• _What is needed_
The expected result is the full set of records, copied precisely, with images dropped.

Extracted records
============

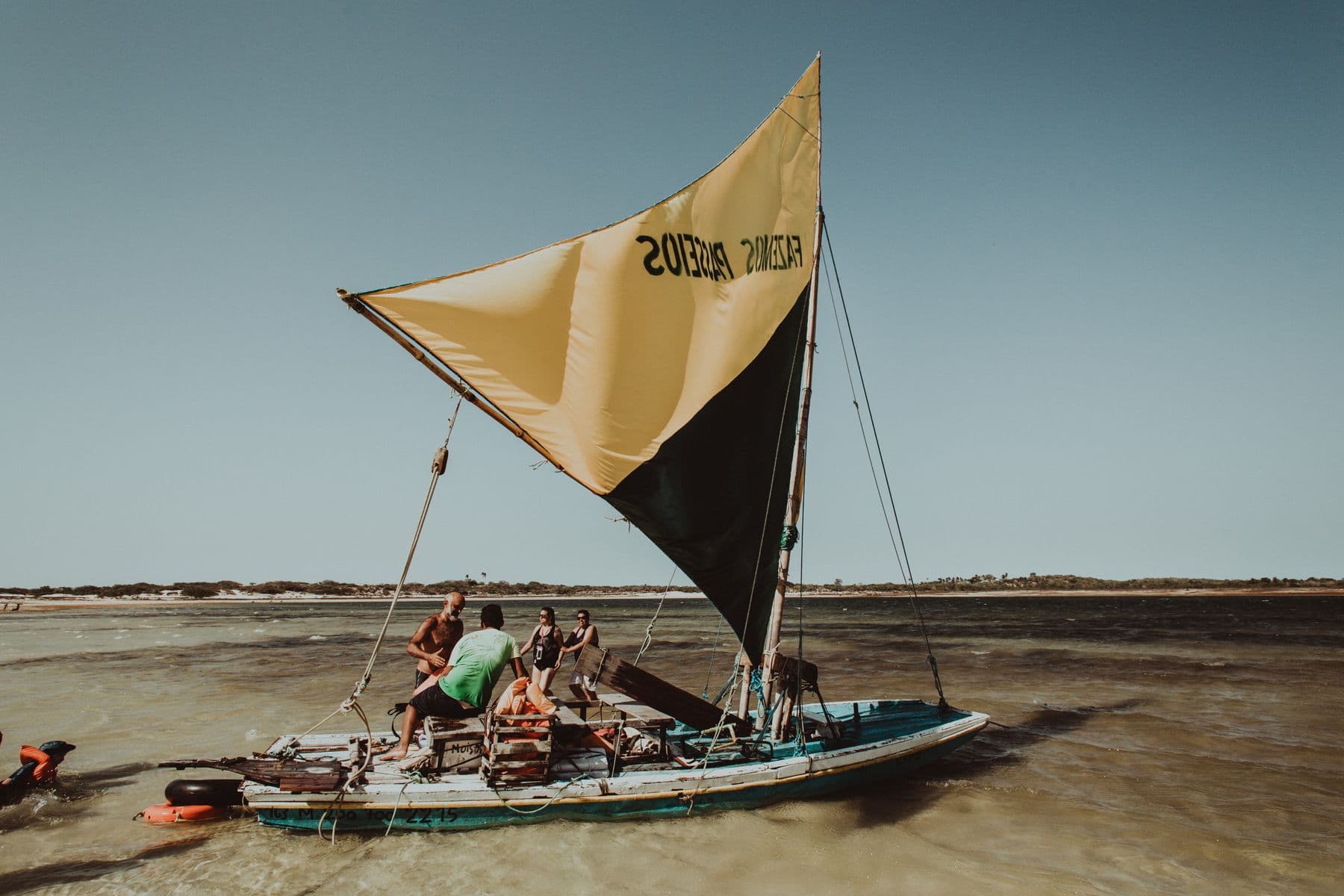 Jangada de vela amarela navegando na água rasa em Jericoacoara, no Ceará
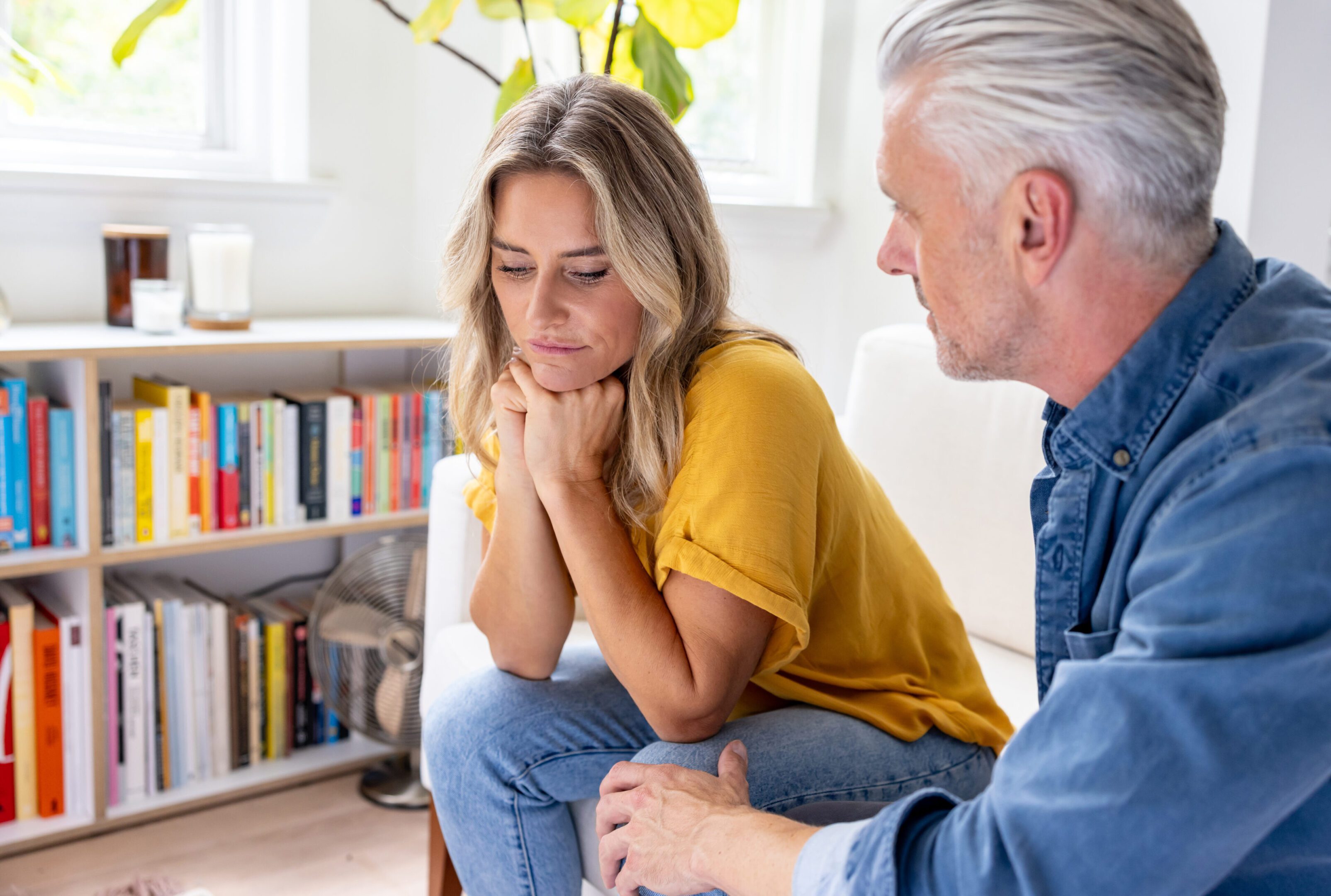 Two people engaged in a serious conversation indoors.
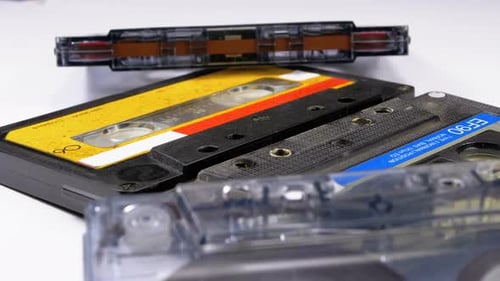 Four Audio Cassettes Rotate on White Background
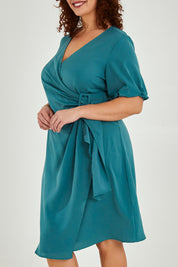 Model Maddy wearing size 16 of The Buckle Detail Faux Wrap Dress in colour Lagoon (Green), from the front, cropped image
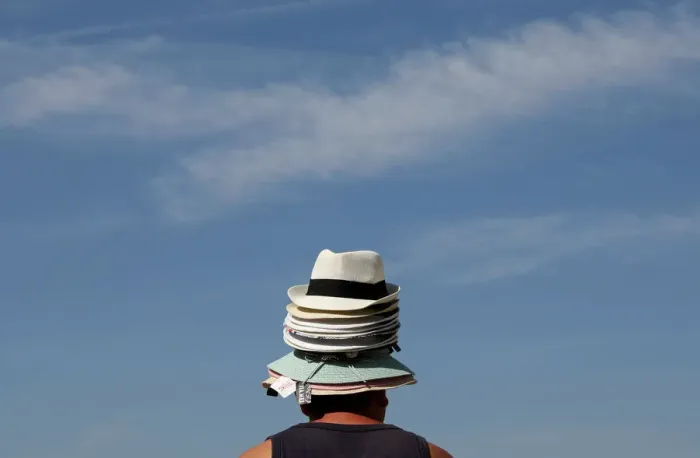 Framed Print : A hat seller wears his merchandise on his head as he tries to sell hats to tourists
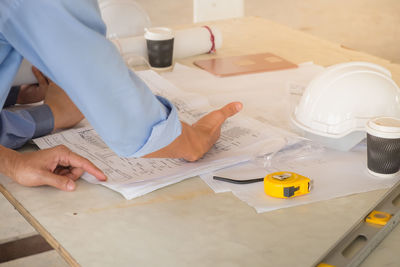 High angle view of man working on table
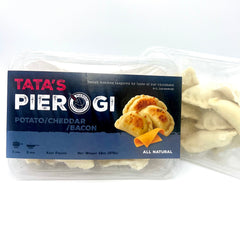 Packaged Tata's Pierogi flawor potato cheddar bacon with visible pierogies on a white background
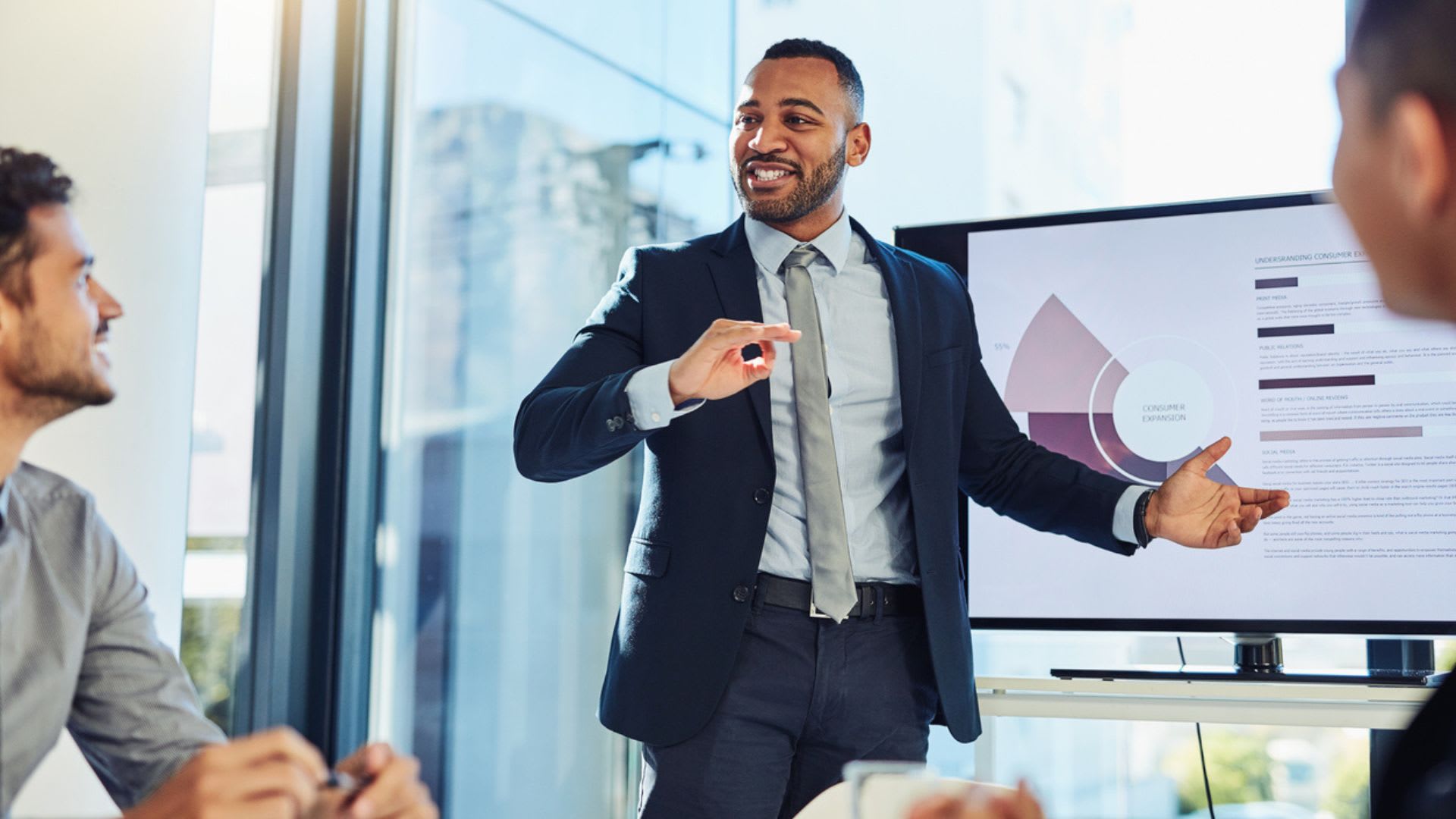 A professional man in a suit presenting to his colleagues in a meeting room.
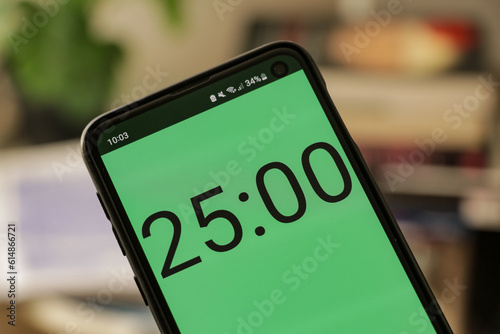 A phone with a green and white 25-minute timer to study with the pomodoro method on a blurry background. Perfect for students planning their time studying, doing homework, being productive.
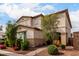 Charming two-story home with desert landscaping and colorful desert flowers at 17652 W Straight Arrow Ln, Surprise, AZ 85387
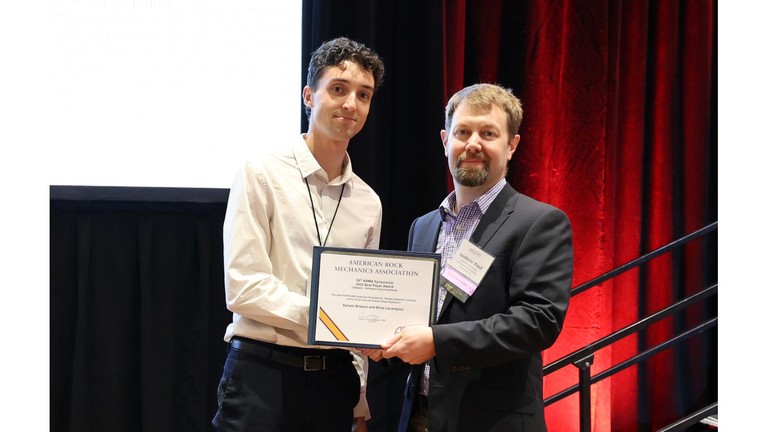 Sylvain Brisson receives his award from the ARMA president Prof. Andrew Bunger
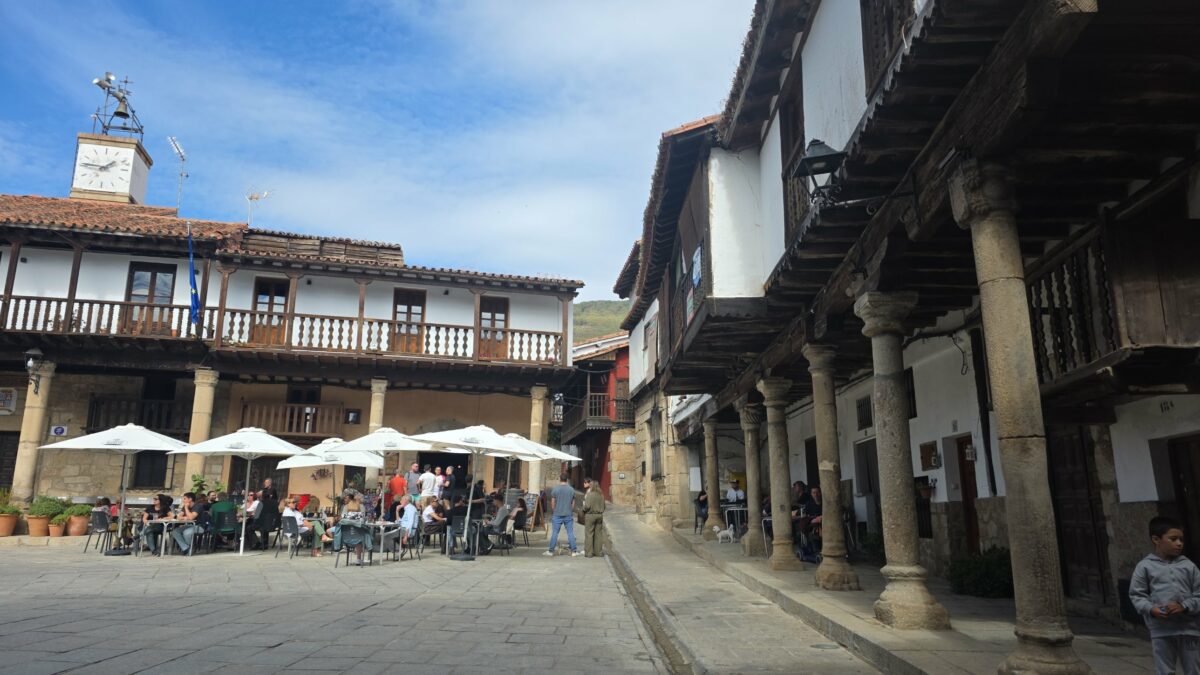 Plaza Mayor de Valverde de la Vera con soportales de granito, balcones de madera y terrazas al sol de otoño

============

• _Your solution_
 Jangada de vela amarela navegando na água rasa em Jericoacoara, no Ceará
 Two people engaged in a serious conversation indoors.
 Four Audio Cassettes Rotate on White Background
 Model Maddy wearing size 16 of The Buckle Detail Faux Wrap Dress in colour Lagoon (Green), from the front, cropped image
 Framed Print : A hat seller wears his merchandise on his head as he tries to sell hats to tourists
 High angle view of man working on table
 Packaged Tata's Pierogi flawor potato cheddar bacon with visible pierogies on a white background
 A professional man in a suit presenting to his colleagues in a meeting room.
 A phone with a green and white 25-minute timer to study with the pomodoro method on a blurry background. Perfect for students planning their time studying, doing homework, being productive.
 Charming two-story home with desert landscaping and colorful desert flowers at 17652 W Straight Arrow Ln, Surprise, AZ 85387
 Sylvain Brisson receives his award from the ARMA president Prof. Andrew Bunger
 Plaza Mayor de Valverde de la Vera con soportales de granito, balcones de madera y terrazas al sol de otoño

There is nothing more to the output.